# EXERCISE GOAL
Repeat the listing that follows exactly. Pictures are not part of the copy.

◆ ◆ ◆ ◆

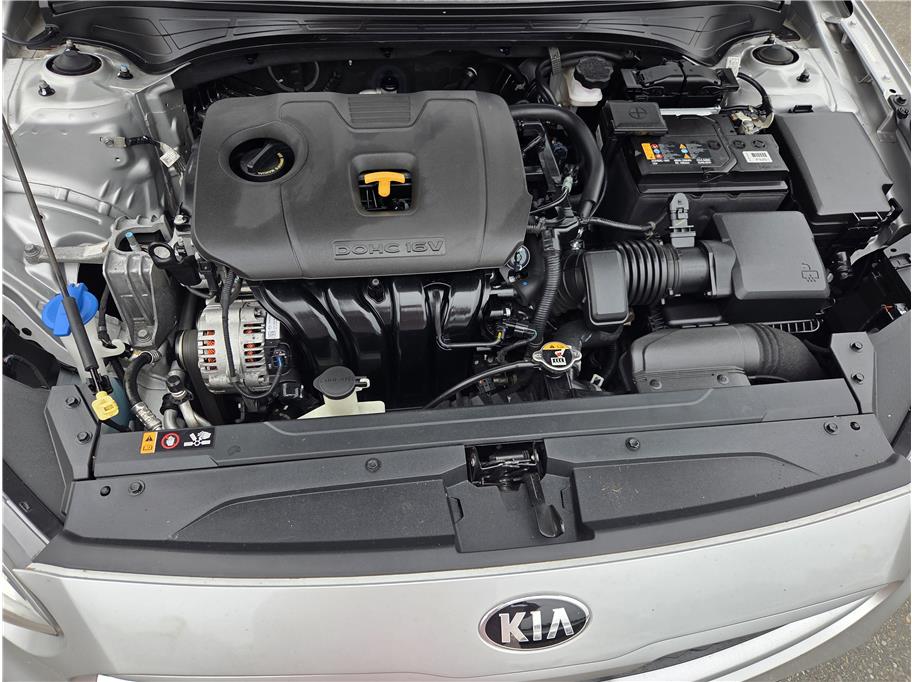 2021 Kia Forte LXS Image 2 of 31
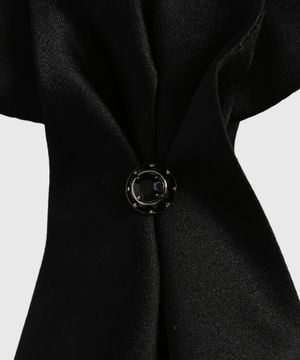 Черный галстук с пуговицей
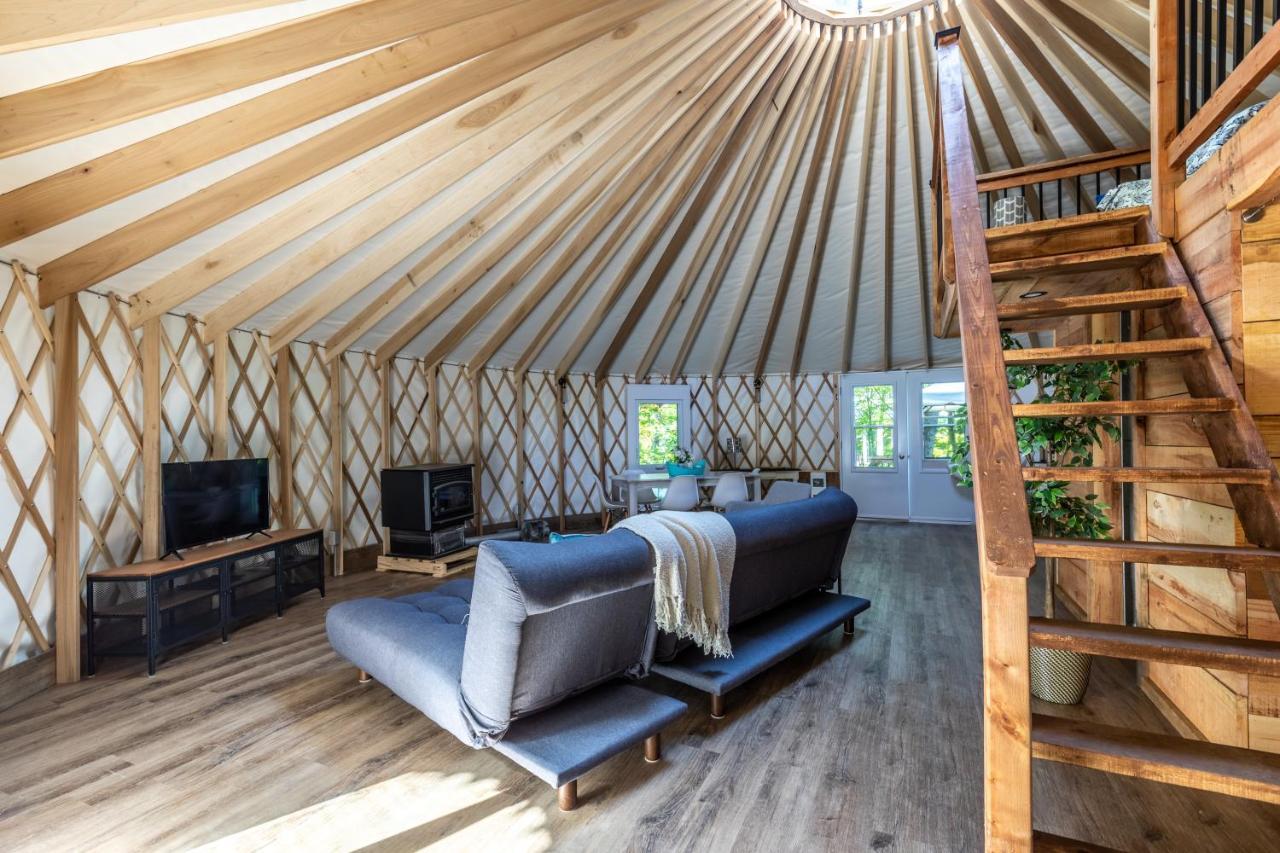 Yourtes Glamping Du Poisson Blanc Notre-Dame-du-Laus Екстериор снимка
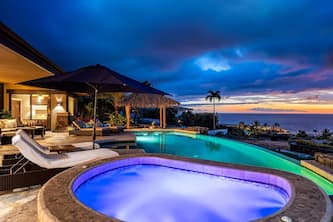 Island Oasis: Stunning Ocean View Retreat! Heated Pool, Spa, AC & Putting Green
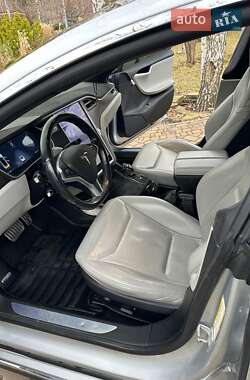 Лифтбек Tesla Model S 2015 в 
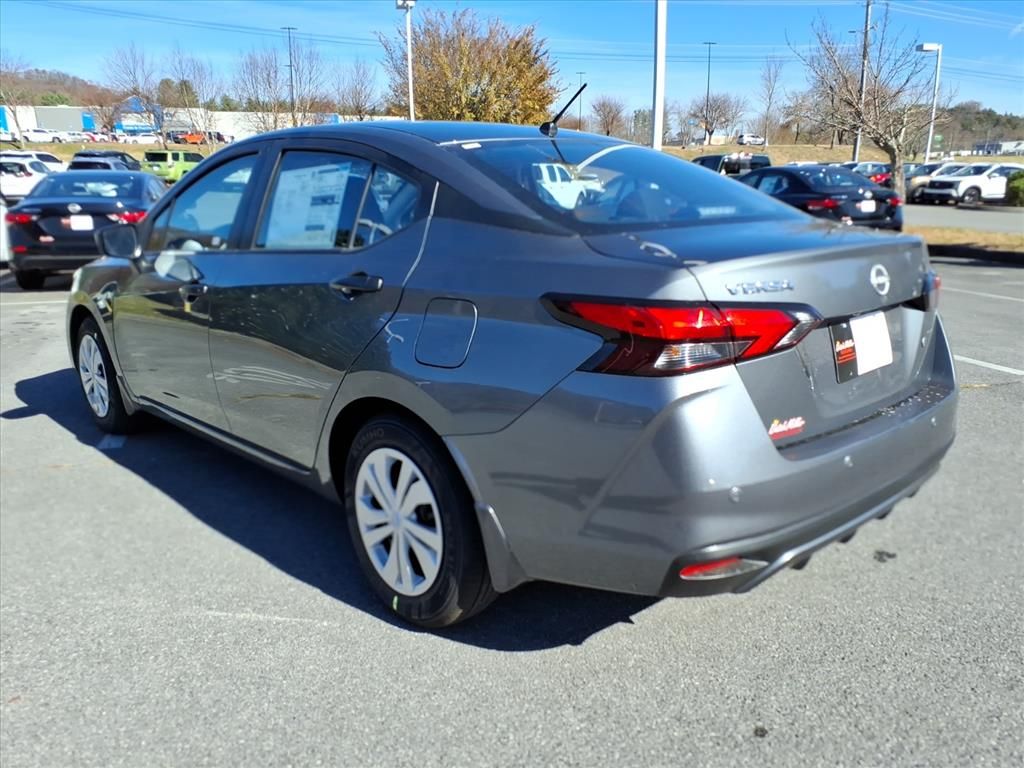 2025 Nissan Versa S photo 3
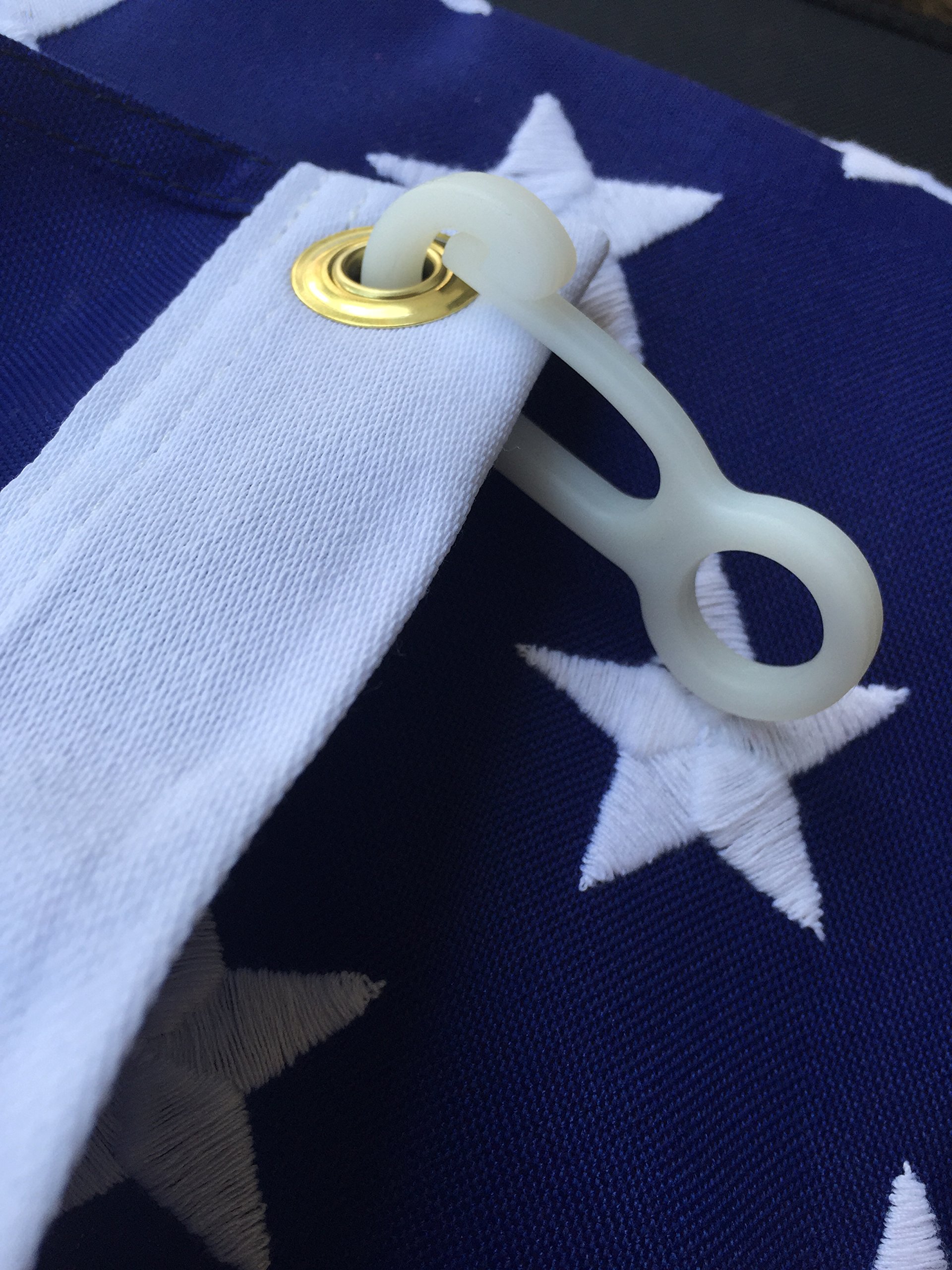 2-Pack 2-3/4 Inch Heavy Duty Nylon Flag Snaps Clips Hooks - Durable Fasteners for Flags, Banners & Outdoor Decor - Perfect for American Flags, Garden Flags & Boat Flags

◆ ◆ ◆ ◆

# SOLUTION
 2021 Kia Forte LXS Image 2 of 31
 Черный галстук с пуговицей
 Yourtes Glamping Du Poisson Blanc Notre-Dame-du-Laus Екстериор снимка
 Island Oasis: Stunning Ocean View Retreat! Heated Pool, Spa, AC & Putting Green
 Лифтбек Tesla Model S 2015 в 
 2025 Nissan Versa S photo 3
 2-Pack 2-3/4 Inch Heavy Duty Nylon Flag Snaps Clips Hooks - Durable Fasteners for Flags, Banners & Outdoor Decor - Perfect for American Flags, Garden Flags & Boat Flags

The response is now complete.